Behçet's syndrome and relapsing polychondritis: MAGIC syndrome

Resumos

Relatamos aqui o caso de um paciente masculino de 30 anos de idade, sexo masculino, com achados clínicos típicos da síndrome de Behçet (SB) e da policondrite recidivante (PR) sem, no entanto, preencher completamente os critérios de classificação para nenhuma das entidades isoladamente. O termo síndrome MAGIC (Mouth And Genital ulcers with Inflamed Cartilage) tem sido usado para classificar pacientes semelhantes. Uma breve revisão dos casos previamente relatados também é apresentada.

síndrome de Behçet; policondrite recidivante; vasculite


We describe a 30 years old man with typical features of both Behçet's syndrome and relapsing polychondritis but neither complete classification criteria.
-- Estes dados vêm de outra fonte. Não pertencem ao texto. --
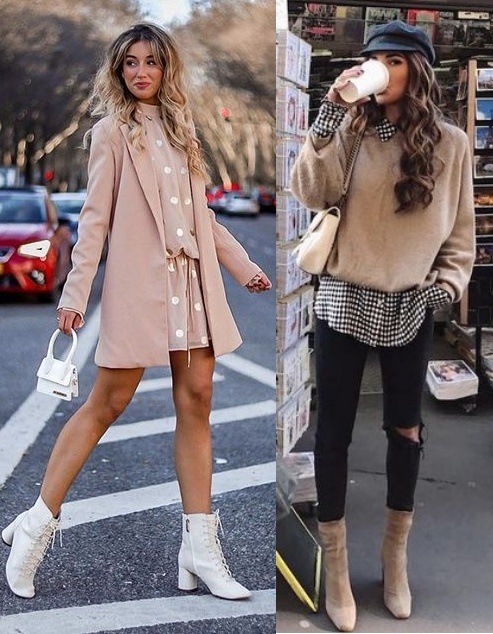 Tendências outono inverno 2020, Mariana Gemelgo, Negin Mirsalehi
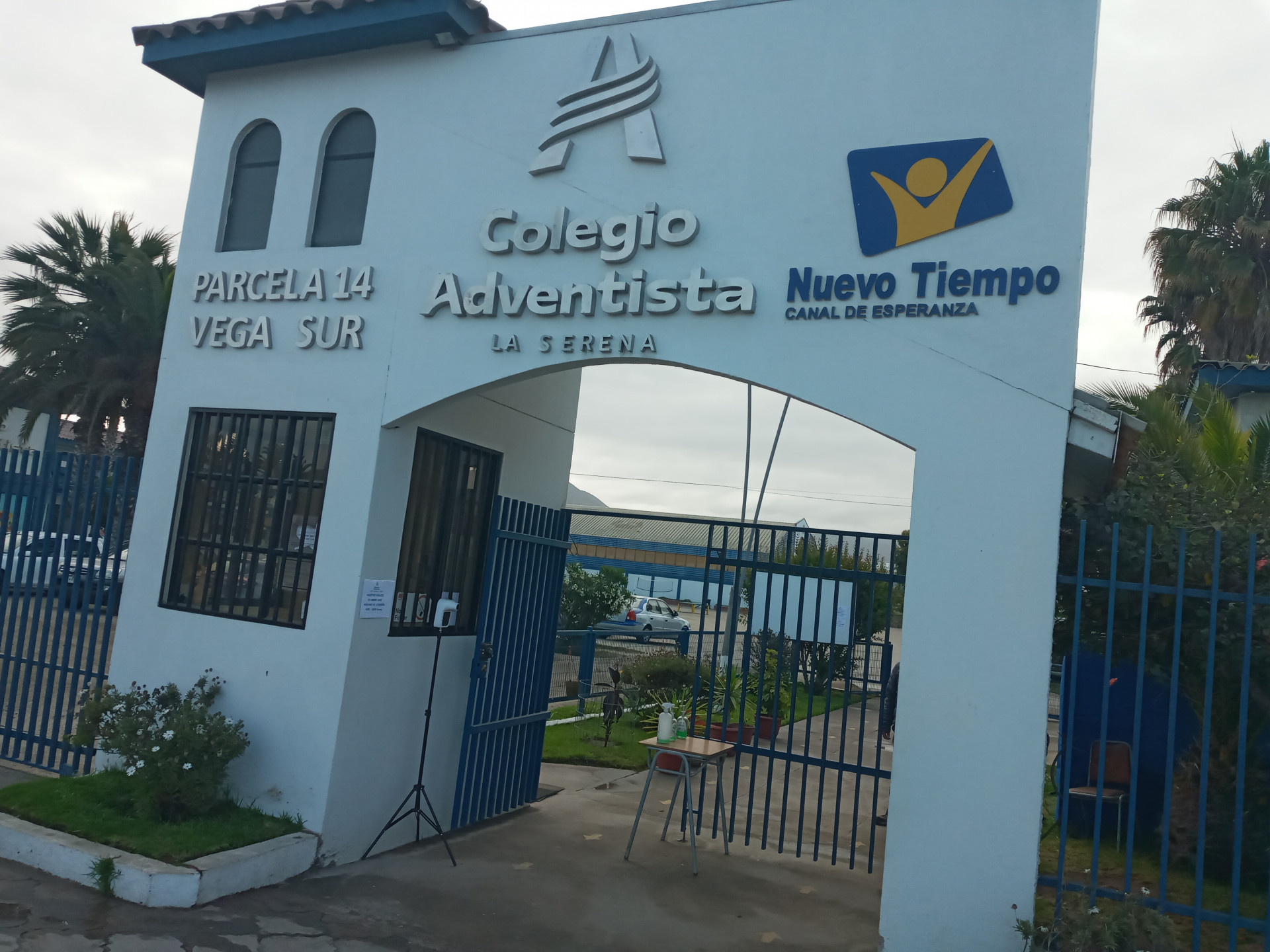iglesia adventista del septimo dia cadelse la serena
The term MAGIC syndrome (Mouth And Genital ulcers with Inflamed Cartilage) has been used to describe similarly affected patients. We present a brief review of previously reported cases.

Behcet's syndrome; polychondritis; relapsing; vasculitis


RELATO DE CASO CASE REPORT

Síndrome de Behçet e policondrite recidivante: síndrome MAGIC

Behçet's syndrome and relapsing polychondritis: MAGIC syndrome

Fabrício de Souza NevesI; Deborah Pereira GonçalvesI; Laís V. LageII; Célio Roberto GonçalvesII

Hospital das Clínicas da Faculdade de Medicina da Universidade de São Paulo (HC-USP)
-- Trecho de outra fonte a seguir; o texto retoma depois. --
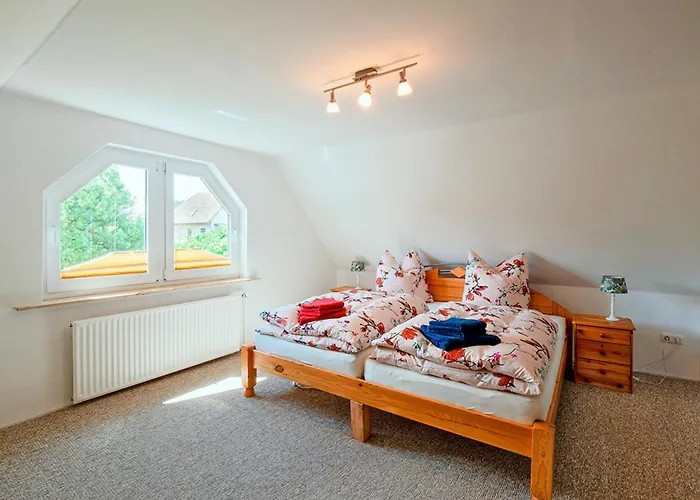 Ferienhaus Haushälfte Utecht&jensen *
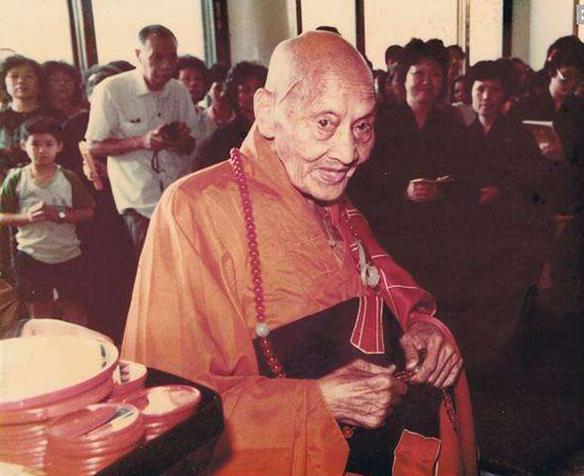 无来亦无去,没有事.——广钦老和尚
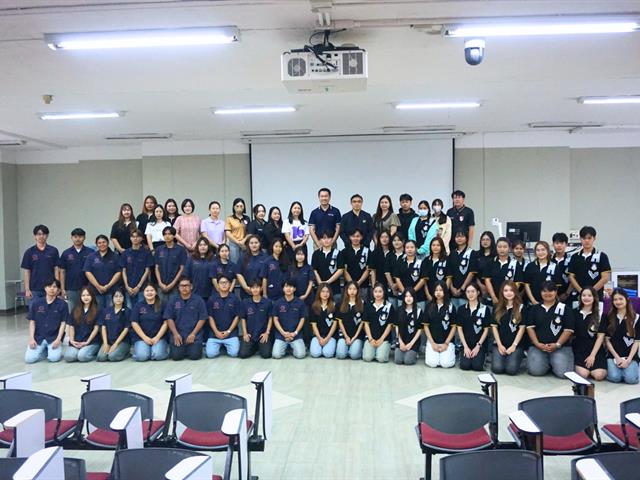 คณะวิศวกรรมศาสตร์ จัดอบรมการปฐมพยาบาลเบื้องต้น เสริมทักษะผู้นำนิสิตพร้อมรับมือเหตุฉุกเฉิน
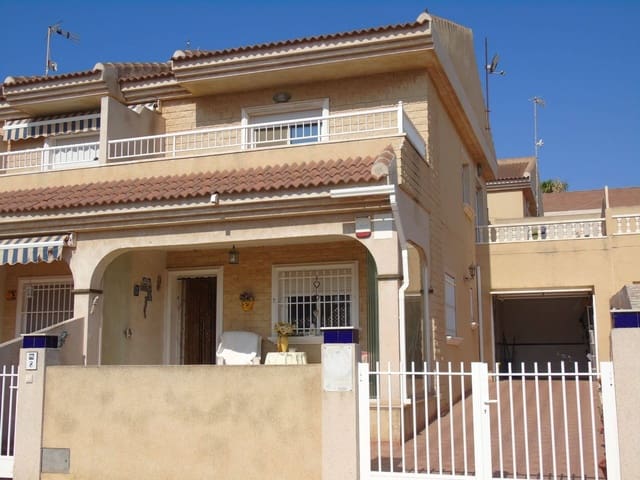 4 soveværelse Byhus til salg i Los Nietos, Cartagena med garage - € 170.000 (Ref: 9937319)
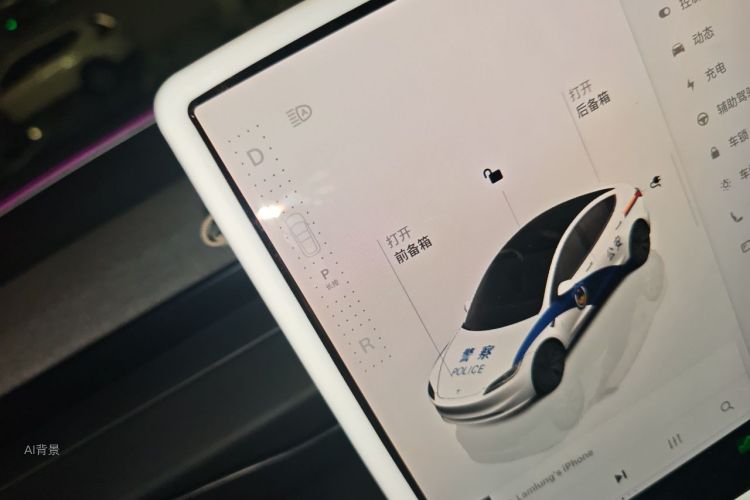 Tesla Model 3 2024 car image #16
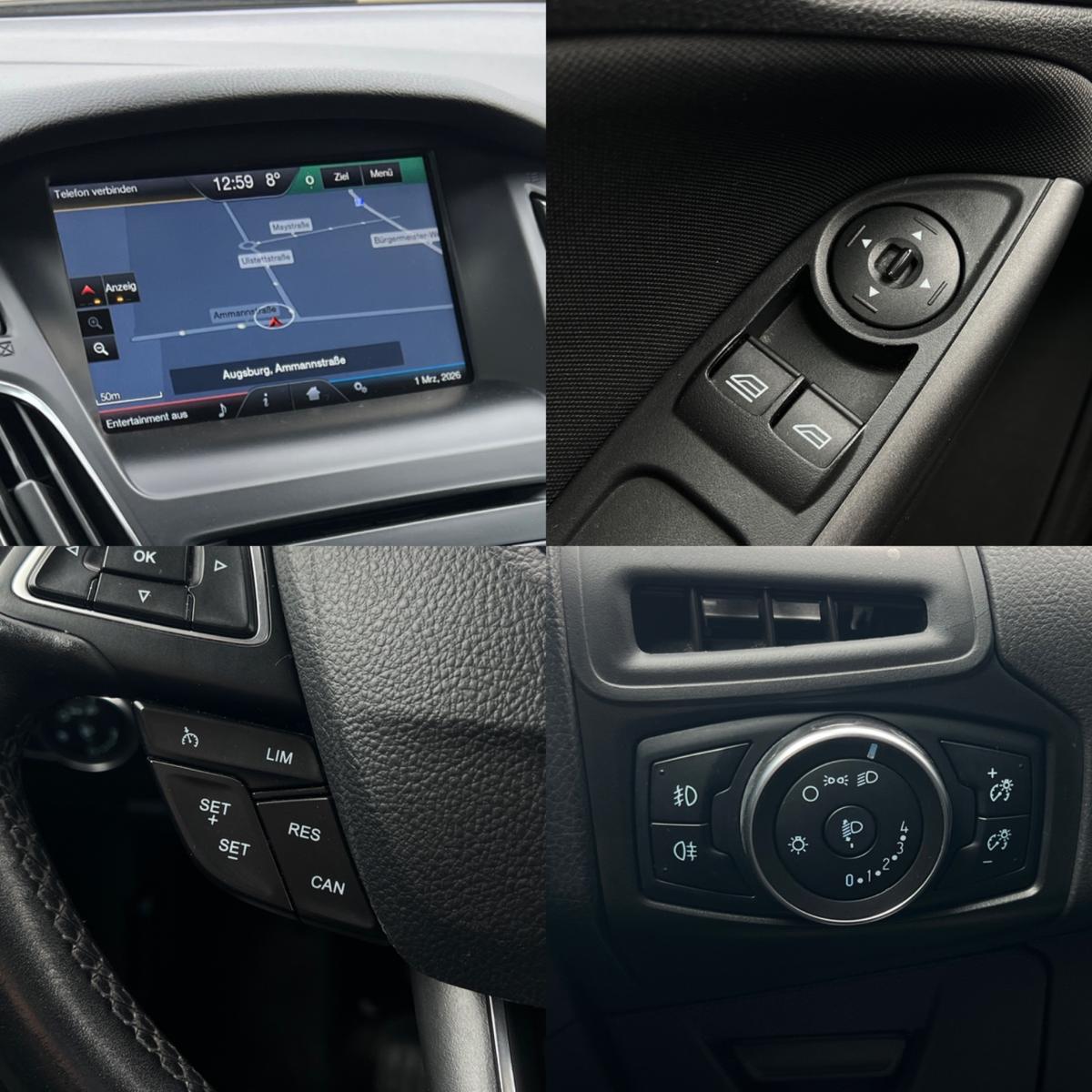 Ford Focus 2015 — photo 19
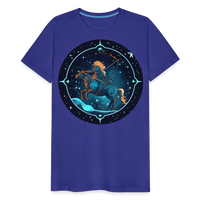 Thumbnail for Men's Magic Sagittarius Premium T-Shirt - royal blue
IMédico Residente da Disciplina de Reumatologia do HC-USP

IIMédico Assistente da Disciplina de Reumatologia do HC-USP

Endereço para correspondência Endereço para correspondência: Fabrício de Souza Neves Av. Dr. Altino Arantes 742, ap 84, Vila Clementino São Paulo, CEP 04042-003, SP e-mail: nevesfab bol.com.br

RESUMO

Relatamos aqui o caso de um paciente masculino de 30 anos de idade, sexo masculino, com achados clínicos típicos da síndrome de Behçet (SB) e da policondrite recidivante (PR) sem, no entanto, preencher completamente os critérios de classificação para nenhuma das entidades isoladamente. O termo síndrome MAGIC (Mouth And Genital ulcers with Inflamed Cartilage) tem sido usado para classificar pacientes semelhantes. Uma breve revisão dos casos previamente relatados também é apresentada.
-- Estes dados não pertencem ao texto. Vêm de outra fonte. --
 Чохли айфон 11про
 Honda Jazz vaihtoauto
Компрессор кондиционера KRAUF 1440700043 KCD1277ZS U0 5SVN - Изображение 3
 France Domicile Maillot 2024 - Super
Palavras-chave: síndrome de Behçet, policondrite recidivante, vasculite.

ABSTRACT

We describe a 30 years old man with typical features of both Behçet's syndrome and relapsing polychondritis but neither complete classification criteria. The term MAGIC syndrome (Mouth And Genital ulcers with Inflamed Cartilage) has been used to describe similarly affected patients. We present a brief review of previously reported cases.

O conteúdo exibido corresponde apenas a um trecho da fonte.